District information
- Type: Public
- Grades: K–8
- Established: 1861; 165 years ago
- NCES District ID: 0627930

Students and staff
- Students: 363 (2020–2021)
- Teachers: 16.0 (FTE)
- Staff: 25.11 (FTE)
- Student–teacher ratio: 22.69:1

Other information
- Website: www.myoakview.com

= Oak View Union Elementary School District =

School district in California, United States

Oak View Elementary School District or the Oak View Union School District is a school district headquartered in unincorporated San Joaquin County, California, near Acampo. It operates a single school. High school students in its area attend the Galt Joint Union High School District.

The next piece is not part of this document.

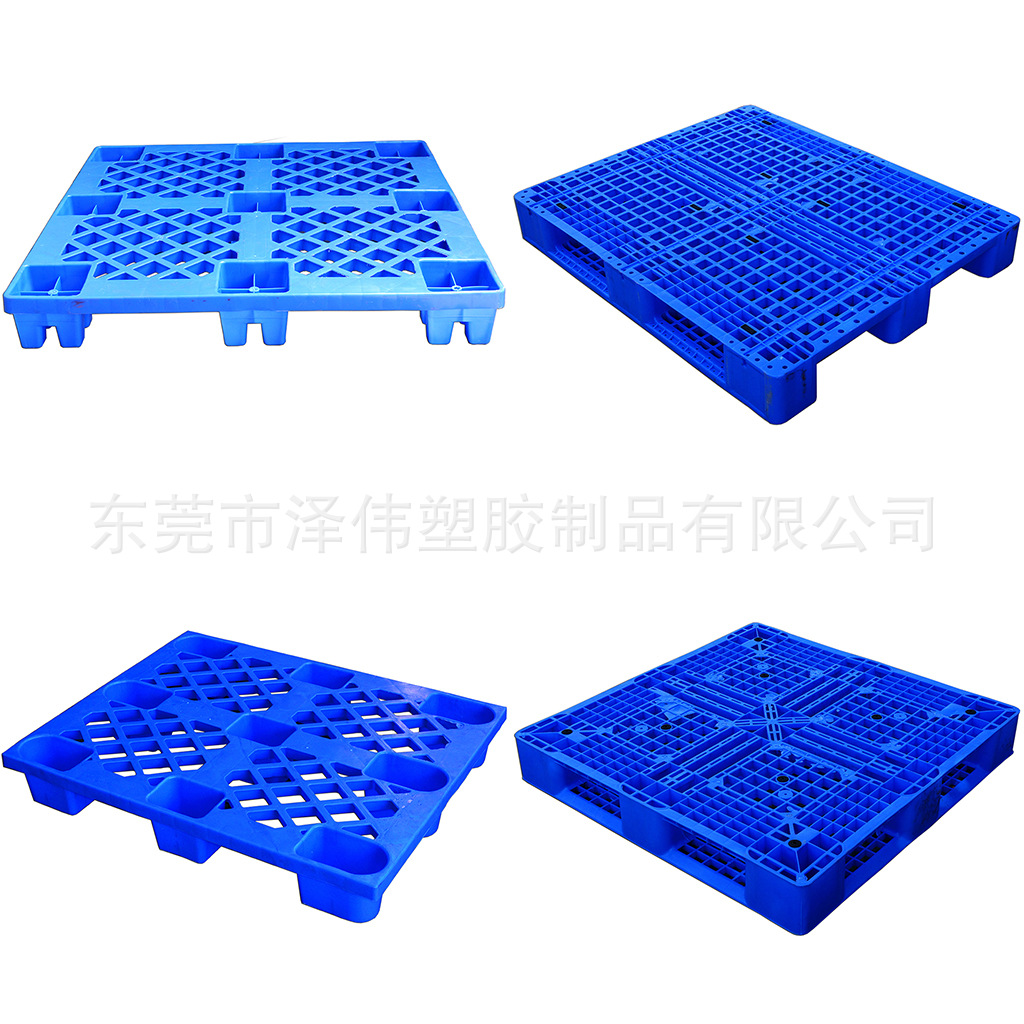 供应双面使用塑料栈板 塑胶周转叉车卡板塑料托盘1400*1200地台板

On May 8, 1861, the Telegraph School District was created; the district served what was Elliott Township. On June 10, 1929, it adopted its current name and annexed the Eliott School District, and it annexed the Huston School District on July 5, 1932.

==Schools==
Oak View built a four-room school with a bond passed on July 10, 1929, worth $20,000; the school received additions in 1946, 1961, and three wings in the period in the period 1990–2003. The first had two additional classrooms, a room for teachers, and an office, later converted into another classroom. The second included six classrooms in two wings, with a cafeteria and a new office, worth a total of $110,000. The 1990-2003 wings had three classrooms each. Circa 2012 the district needed a new parking lot, so it razed the 1946 addition.

In 2012 a building with a teacher's lounge, stage, kitchen, and combined cafeteria and gymnasium opened, funded by a 2008 $2,900,000 bond.

The district's first-ever school, the Telegraph School, was a one-room school house in Dry Creek. In the 1890s the student body increased. A new school building opened, funded by a $2,000 bond passed on April 13, 1907. The school district stated "probably after" the Oak View school received its 1961 addition, "The old Telegraph School disappeared".